Scraped caption text data
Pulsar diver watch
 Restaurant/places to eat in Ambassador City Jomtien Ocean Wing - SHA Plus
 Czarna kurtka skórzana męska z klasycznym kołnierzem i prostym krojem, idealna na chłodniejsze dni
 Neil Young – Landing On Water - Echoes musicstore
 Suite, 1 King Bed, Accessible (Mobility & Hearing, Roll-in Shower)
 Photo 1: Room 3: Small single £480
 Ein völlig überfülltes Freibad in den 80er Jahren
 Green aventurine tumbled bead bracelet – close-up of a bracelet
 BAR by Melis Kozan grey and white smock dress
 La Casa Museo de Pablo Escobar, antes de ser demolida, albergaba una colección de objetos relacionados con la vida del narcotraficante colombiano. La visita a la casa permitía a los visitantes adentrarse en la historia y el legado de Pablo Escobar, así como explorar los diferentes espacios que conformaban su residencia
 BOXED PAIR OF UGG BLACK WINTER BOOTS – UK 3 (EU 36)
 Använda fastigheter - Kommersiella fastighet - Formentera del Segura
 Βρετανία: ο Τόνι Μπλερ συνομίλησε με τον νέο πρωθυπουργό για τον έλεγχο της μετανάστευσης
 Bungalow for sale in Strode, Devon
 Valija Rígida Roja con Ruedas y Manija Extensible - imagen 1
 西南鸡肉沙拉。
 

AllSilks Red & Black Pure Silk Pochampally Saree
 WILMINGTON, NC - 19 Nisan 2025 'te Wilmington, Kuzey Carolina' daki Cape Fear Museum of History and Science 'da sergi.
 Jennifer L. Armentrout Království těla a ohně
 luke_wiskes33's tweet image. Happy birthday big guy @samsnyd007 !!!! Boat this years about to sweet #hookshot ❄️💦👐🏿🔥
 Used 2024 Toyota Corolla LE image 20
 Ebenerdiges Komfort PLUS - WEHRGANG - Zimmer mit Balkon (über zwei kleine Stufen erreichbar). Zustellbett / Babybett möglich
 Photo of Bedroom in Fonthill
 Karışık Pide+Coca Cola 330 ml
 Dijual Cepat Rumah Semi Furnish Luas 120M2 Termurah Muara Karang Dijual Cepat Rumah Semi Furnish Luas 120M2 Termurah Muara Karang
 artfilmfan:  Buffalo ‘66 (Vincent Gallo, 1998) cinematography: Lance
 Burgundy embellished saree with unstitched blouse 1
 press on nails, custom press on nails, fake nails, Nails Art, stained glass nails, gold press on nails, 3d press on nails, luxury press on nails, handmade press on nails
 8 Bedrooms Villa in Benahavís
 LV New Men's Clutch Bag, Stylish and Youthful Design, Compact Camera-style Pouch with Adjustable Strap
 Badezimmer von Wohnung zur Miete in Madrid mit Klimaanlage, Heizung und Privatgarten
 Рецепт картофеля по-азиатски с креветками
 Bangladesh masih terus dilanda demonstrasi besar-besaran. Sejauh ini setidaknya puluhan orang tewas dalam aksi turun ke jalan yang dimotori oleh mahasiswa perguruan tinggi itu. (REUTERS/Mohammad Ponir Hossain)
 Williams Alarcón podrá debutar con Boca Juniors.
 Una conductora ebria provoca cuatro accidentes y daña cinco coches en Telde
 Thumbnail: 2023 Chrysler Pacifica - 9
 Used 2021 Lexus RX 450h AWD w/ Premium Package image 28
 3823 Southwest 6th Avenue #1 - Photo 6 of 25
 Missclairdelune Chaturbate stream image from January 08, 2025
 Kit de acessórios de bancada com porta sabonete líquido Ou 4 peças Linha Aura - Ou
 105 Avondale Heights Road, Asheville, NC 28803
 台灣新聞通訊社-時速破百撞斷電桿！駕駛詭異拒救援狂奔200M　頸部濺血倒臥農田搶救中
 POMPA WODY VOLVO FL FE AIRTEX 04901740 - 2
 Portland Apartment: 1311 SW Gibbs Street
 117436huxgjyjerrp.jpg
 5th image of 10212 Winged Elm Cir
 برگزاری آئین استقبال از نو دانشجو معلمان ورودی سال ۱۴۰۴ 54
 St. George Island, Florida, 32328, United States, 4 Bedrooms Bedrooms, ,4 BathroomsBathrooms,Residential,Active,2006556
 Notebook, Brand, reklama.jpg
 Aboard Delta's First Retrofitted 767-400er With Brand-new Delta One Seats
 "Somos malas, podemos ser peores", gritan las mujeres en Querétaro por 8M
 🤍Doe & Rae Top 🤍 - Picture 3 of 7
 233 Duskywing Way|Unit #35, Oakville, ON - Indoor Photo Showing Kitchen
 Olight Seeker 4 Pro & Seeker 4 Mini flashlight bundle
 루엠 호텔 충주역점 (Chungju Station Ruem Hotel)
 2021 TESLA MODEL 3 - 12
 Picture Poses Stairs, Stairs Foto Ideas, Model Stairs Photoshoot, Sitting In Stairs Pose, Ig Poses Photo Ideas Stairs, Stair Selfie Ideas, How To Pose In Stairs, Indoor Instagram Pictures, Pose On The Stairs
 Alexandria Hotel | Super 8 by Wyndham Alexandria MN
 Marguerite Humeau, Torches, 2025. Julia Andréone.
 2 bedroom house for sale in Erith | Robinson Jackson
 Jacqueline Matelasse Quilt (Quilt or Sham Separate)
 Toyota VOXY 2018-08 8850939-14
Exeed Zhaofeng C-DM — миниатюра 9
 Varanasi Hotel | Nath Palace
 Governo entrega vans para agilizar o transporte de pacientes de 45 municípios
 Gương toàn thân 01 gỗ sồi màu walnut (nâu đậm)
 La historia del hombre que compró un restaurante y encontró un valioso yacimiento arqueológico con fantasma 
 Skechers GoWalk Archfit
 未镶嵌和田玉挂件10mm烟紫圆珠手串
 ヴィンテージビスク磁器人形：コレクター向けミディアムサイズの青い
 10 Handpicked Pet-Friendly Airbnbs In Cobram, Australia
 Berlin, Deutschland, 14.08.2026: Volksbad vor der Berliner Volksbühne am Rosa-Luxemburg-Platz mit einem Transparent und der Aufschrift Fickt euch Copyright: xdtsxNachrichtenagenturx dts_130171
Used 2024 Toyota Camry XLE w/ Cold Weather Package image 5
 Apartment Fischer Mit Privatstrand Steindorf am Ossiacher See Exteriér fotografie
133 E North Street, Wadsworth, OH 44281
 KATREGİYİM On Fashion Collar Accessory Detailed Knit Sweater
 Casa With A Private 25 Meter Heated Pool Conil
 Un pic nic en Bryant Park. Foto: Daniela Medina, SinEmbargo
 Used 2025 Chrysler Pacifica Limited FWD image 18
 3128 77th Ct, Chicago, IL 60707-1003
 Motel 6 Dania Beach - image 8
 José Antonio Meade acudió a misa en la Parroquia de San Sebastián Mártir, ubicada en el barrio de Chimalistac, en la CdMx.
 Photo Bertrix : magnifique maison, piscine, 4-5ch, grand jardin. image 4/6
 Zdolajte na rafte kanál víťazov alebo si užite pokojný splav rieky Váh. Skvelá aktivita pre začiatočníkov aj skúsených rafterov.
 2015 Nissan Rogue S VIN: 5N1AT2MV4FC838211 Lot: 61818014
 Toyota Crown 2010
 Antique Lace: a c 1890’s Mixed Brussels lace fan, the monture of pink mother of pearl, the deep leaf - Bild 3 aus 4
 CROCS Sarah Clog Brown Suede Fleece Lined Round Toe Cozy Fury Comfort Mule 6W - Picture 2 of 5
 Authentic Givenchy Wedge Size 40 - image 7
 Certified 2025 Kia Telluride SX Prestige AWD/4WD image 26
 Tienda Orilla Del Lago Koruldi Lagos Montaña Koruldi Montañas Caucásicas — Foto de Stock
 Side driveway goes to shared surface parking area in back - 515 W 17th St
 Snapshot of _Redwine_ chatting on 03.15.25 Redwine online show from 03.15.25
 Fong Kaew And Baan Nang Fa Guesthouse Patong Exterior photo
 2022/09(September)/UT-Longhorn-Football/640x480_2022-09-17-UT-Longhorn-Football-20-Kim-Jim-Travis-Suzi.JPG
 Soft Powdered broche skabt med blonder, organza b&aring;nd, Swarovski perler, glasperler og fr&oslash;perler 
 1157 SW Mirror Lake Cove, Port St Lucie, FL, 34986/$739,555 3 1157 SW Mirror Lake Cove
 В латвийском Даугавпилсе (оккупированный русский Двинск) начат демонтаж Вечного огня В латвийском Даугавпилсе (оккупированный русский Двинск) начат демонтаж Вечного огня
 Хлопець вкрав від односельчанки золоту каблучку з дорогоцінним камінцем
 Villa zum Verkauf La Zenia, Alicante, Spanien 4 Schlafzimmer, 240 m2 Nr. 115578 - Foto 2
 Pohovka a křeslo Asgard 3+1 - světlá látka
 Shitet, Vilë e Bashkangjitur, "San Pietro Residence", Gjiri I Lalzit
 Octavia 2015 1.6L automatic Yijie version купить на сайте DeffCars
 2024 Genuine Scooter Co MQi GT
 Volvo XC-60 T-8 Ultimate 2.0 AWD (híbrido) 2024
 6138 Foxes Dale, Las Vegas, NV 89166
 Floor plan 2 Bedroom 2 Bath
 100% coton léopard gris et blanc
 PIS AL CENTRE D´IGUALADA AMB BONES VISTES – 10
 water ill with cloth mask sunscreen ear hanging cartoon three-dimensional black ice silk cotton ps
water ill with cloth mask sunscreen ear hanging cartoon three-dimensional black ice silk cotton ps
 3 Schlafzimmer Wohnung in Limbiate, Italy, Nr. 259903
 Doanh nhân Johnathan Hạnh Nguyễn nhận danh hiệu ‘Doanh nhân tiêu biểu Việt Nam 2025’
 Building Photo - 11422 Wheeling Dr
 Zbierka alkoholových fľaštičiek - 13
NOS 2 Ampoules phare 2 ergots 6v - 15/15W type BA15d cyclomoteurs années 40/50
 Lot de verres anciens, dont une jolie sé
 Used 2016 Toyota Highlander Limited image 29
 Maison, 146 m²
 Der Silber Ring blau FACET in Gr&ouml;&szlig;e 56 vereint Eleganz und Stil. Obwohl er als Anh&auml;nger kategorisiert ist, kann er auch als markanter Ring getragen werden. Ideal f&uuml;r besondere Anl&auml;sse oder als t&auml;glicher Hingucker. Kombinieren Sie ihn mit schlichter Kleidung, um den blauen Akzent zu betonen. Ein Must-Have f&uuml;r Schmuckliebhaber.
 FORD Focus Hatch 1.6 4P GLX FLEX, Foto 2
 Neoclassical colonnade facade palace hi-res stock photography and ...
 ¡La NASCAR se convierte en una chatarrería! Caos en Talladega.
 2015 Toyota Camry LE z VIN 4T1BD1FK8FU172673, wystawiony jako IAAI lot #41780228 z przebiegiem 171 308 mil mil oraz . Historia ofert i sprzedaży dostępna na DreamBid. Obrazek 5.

PROBLEM REQUIREMENTS: Taking the entries above, restate exactly those lines that fall between the line with "Ebenerdiges Komfort PLUS" and the line with "برگزاری آئین استقبال", keeping both of those lines too.

ANSWER FOR THIS EXERCISE:
 Ebenerdiges Komfort PLUS - WEHRGANG - Zimmer mit Balkon (über zwei kleine Stufen erreichbar). Zustellbett / Babybett möglich
 Photo of Bedroom in Fonthill
 Karışık Pide+Coca Cola 330 ml
 Dijual Cepat Rumah Semi Furnish Luas 120M2 Termurah Muara Karang Dijual Cepat Rumah Semi Furnish Luas 120M2 Termurah Muara Karang
 artfilmfan:  Buffalo ‘66 (Vincent Gallo, 1998) cinematography: Lance
 Burgundy embellished saree with unstitched blouse 1
 press on nails, custom press on nails, fake nails, Nails Art, stained glass nails, gold press on nails, 3d press on nails, luxury press on nails, handmade press on nails
 8 Bedrooms Villa in Benahavís
 LV New Men's Clutch Bag, Stylish and Youthful Design, Compact Camera-style Pouch with Adjustable Strap
 Badezimmer von Wohnung zur Miete in Madrid mit Klimaanlage, Heizung und Privatgarten
 Рецепт картофеля по-азиатски с креветками
 Bangladesh masih terus dilanda demonstrasi besar-besaran. Sejauh ini setidaknya puluhan orang tewas dalam aksi turun ke jalan yang dimotori oleh mahasiswa perguruan tinggi itu. (REUTERS/Mohammad Ponir Hossain)
 Williams Alarcón podrá debutar con Boca Juniors.
 Una conductora ebria provoca cuatro accidentes y daña cinco coches en Telde
 Thumbnail: 2023 Chrysler Pacifica - 9
 Used 2021 Lexus RX 450h AWD w/ Premium Package image 28
 3823 Southwest 6th Avenue #1 - Photo 6 of 25
 Missclairdelune Chaturbate stream image from January 08, 2025
 Kit de acessórios de bancada com porta sabonete líquido Ou 4 peças Linha Aura - Ou
 105 Avondale Heights Road, Asheville, NC 28803
 台灣新聞通訊社-時速破百撞斷電桿！駕駛詭異拒救援狂奔200M　頸部濺血倒臥農田搶救中
 POMPA WODY VOLVO FL FE AIRTEX 04901740 - 2
 Portland Apartment: 1311 SW Gibbs Street
 117436huxgjyjerrp.jpg
 5th image of 10212 Winged Elm Cir
 برگزاری آئین استقبال از نو دانشجو معلمان ورودی سال ۱۴۰۴ 54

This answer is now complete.